→ **Problem details**
When you transcribe the data below, reproduce every line exactly and leave each picture out.

Pictures with short captions:
- - - - -
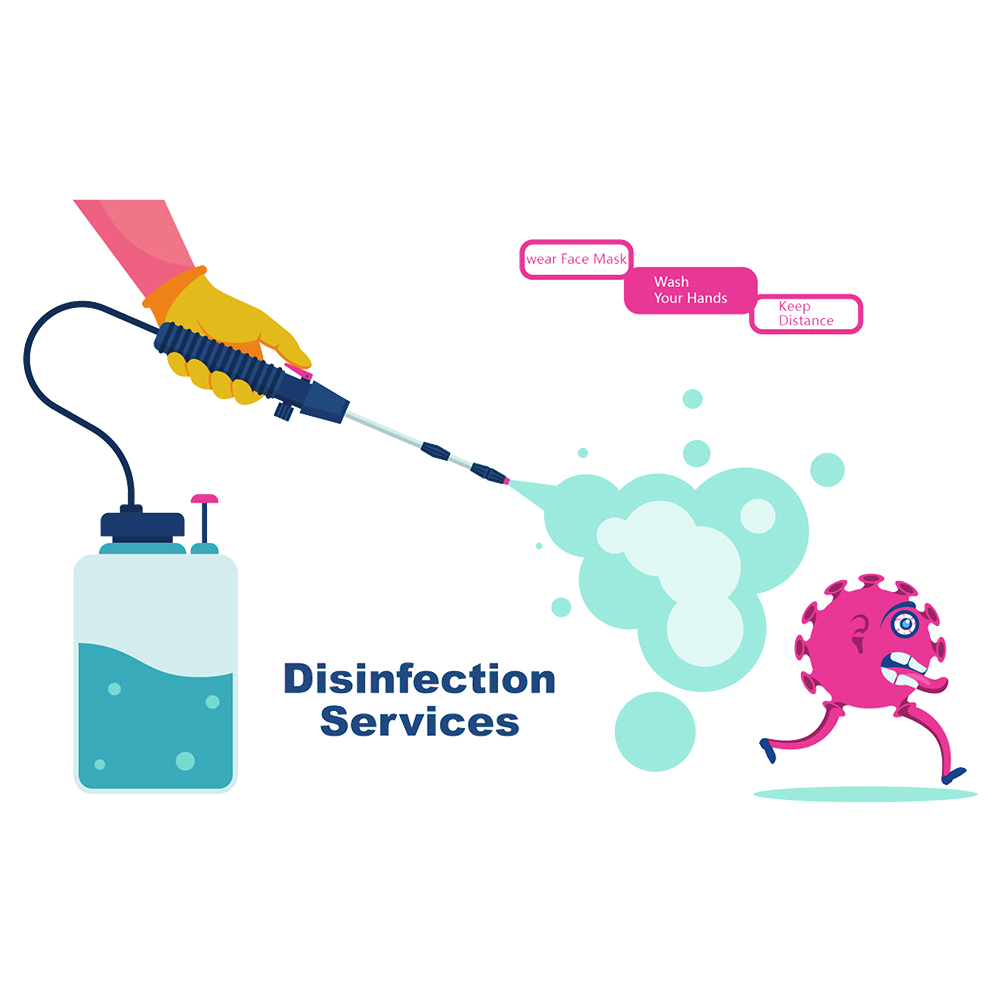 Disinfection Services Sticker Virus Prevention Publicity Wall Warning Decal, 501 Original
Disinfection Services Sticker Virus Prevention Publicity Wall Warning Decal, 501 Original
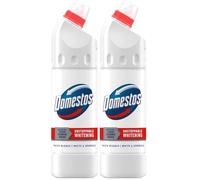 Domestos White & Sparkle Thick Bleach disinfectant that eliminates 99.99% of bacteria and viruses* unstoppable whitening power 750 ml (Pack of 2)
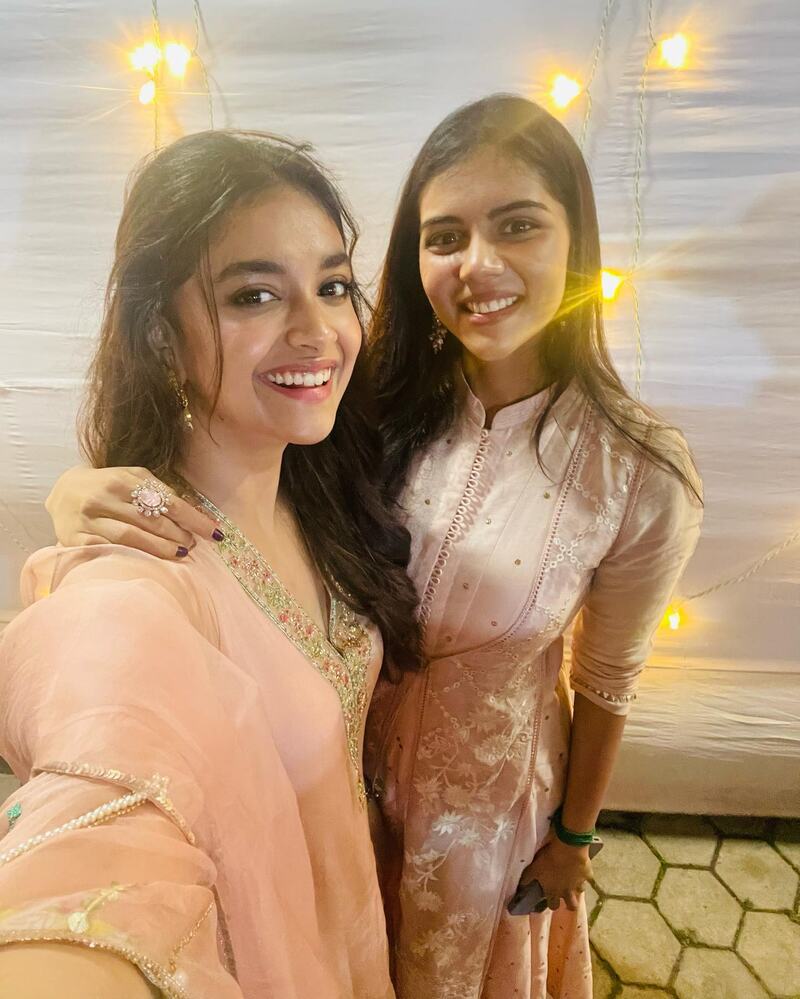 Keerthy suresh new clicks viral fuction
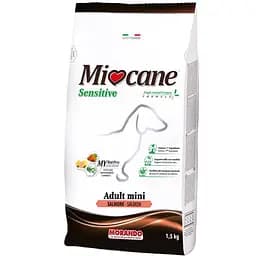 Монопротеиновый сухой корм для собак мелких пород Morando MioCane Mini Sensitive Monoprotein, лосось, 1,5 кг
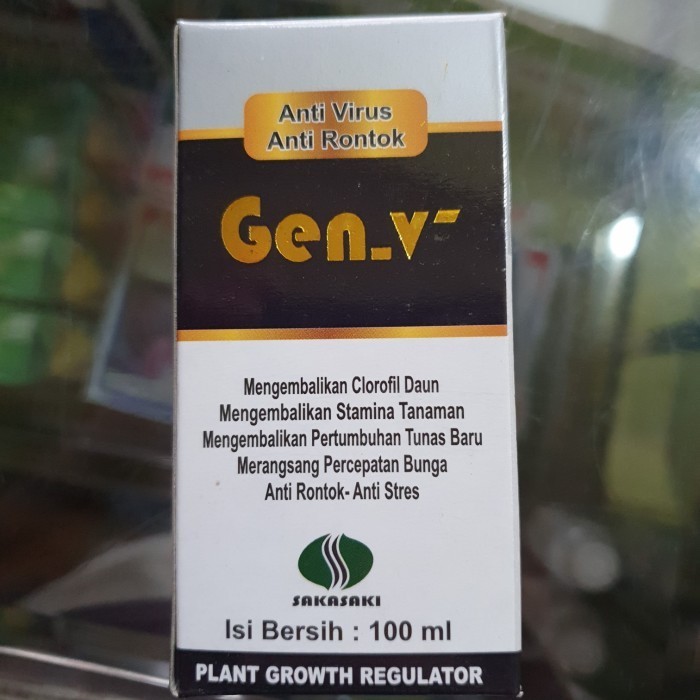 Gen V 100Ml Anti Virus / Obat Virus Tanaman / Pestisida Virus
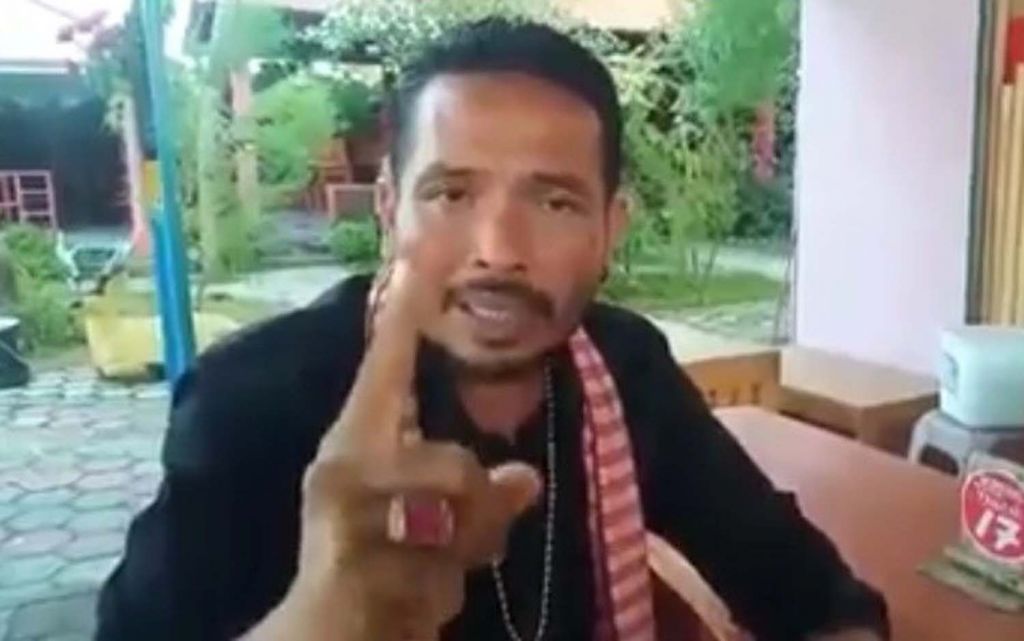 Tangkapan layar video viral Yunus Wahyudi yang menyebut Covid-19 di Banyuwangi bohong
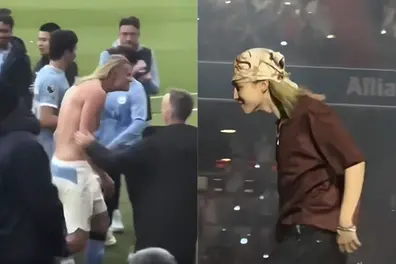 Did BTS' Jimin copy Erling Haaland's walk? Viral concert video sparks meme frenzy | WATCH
- - - - -
→ **Result of this exercise**
 Disinfection Services Sticker Virus Prevention Publicity Wall Warning Decal, 501 Original
Disinfection Services Sticker Virus Prevention Publicity Wall Warning Decal, 501 Original
 Domestos White & Sparkle Thick Bleach disinfectant that eliminates 99.99% of bacteria and viruses* unstoppable whitening power 750 ml (Pack of 2)
 Keerthy suresh new clicks viral fuction
 Монопротеиновый сухой корм для собак мелких пород Morando MioCane Mini Sensitive Monoprotein, лосось, 1,5 кг
 Gen V 100Ml Anti Virus / Obat Virus Tanaman / Pestisida Virus
 Tangkapan layar video viral Yunus Wahyudi yang menyebut Covid-19 di Banyuwangi bohong
 Did BTS' Jimin copy Erling Haaland's walk? Viral concert video sparks meme frenzy | WATCH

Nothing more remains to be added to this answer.